Para mim é um orgulho muito grande trabalhar em uma organização que leva o nome dessa menina. Sempre que eu vejo a foto dela eu penso na minha filha. Este é o primeiro caso em que eu trabalho com eles e me sinto muito honrada.
Você também atua no caso dos estudantes da USP ameaçados de expulsão por se posicionarem contra o genocídio na Faixa de Gaza. Qual é a situação atual desses estudantes e o que ainda deve acontecer no caso?
O caso está em vias de conclusão. Foram entregues as alegações finais nas últimas semanas de 2024 e agora nós estamos aguardando o parecer da comissão processante. Depois, os autos serão encaminhados para a reitoria, para julgamento.
Acredito que conseguimos demonstrar de forma consistente que as acusações eram vagas, indeterminadas e baseadas em um regimento disciplinar dos tempos da ditadura, o que reflete, na forma e no conteúdo, os valores daquele tempo.

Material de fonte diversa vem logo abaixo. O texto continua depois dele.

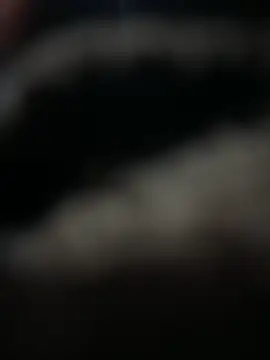 HARSHHU01 online show from March 17, 2025, 3:07 pm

Acho que teremos um bom resultado. Ficou demonstrado que os estudantes agiram dentro dos limites da sua liberdade de expressão. As críticas que eles fizeram foram direcionadas a um Estado, a um regime, e não a um povo em função de sua identidade.
Esse tipo de instrumentalização com alegações de antissemitismo para fazer lawfare, seja através do Judiciário, por meio de processos criminais, seja utilizando instâncias disciplinares de instituições como a USP, é um expediente bastante conhecido por parte do sionismo, e serve para calar vozes que questionam o regime genocida e de apartheid.
Quando você começou a atuar em casos judiciais relacionados à causa palestina? Você atua em outros casos relacionados aos Direitos Humanos?
Minha atuação jurídica (em favor da causa palestina) começou em 2024. Minha atuação política vem desde a minha época de adolescente. Eu tive o privilégio de ter professores excelentes e aprendi sobre a Nakba (Catástrofe) desde uma perspectiva anticolonial há mais de 15 anos. A defesa da autodeterminação do povo palestino é um consenso dentro da militância de esquerda aqui no Brasil, ainda bem.
Eu venho de uma trajetória de política partidária há 15 anos, ligada ao movimento estudantil, ao movimento de mulheres, pautas que sempre tiveram conexão com a causa palestina.
Eu atuo em outras causas relacionadas aos direitos humanos. Atuo na advocacia criminal, em defesa dos direitos das mulheres. Também faço defesa em casos que são a expressão da criminalização da pobreza, do nosso apartheid informal brasileiro. São casos de tráfico ou de roubo em que pessoas são acusadas injustamente e que, em muitas vezes, a cor da pele e a classe social são fatores determinantes para o sucesso dessas acusações.
Essa experiência, inclusive, me trouxe muitas reflexões durante o trabalho neste caso do soldado israelense, porque é óbvio que desde uma perspectiva garantista o princípio da presunção de inocência e da ampla defesa são essenciais para a democracia, mas no nosso país a presunção de inocência vale de forma diferente para as pessoas, dependendo de quem elas são, e ela foi muito valorizada no caso deste soldado, ao ponto de que provas muito contundentes que nós apresentamos não receberam a devida atenção.
Ao mesmo tempo, na Justiça criminal, eu já lidei com prisões e condenações que se basearam em muito menos em termos de provas. É um exemplo de como as desigualdades e opressões estruturais da nossa sociedade atravessam as nossas instituições.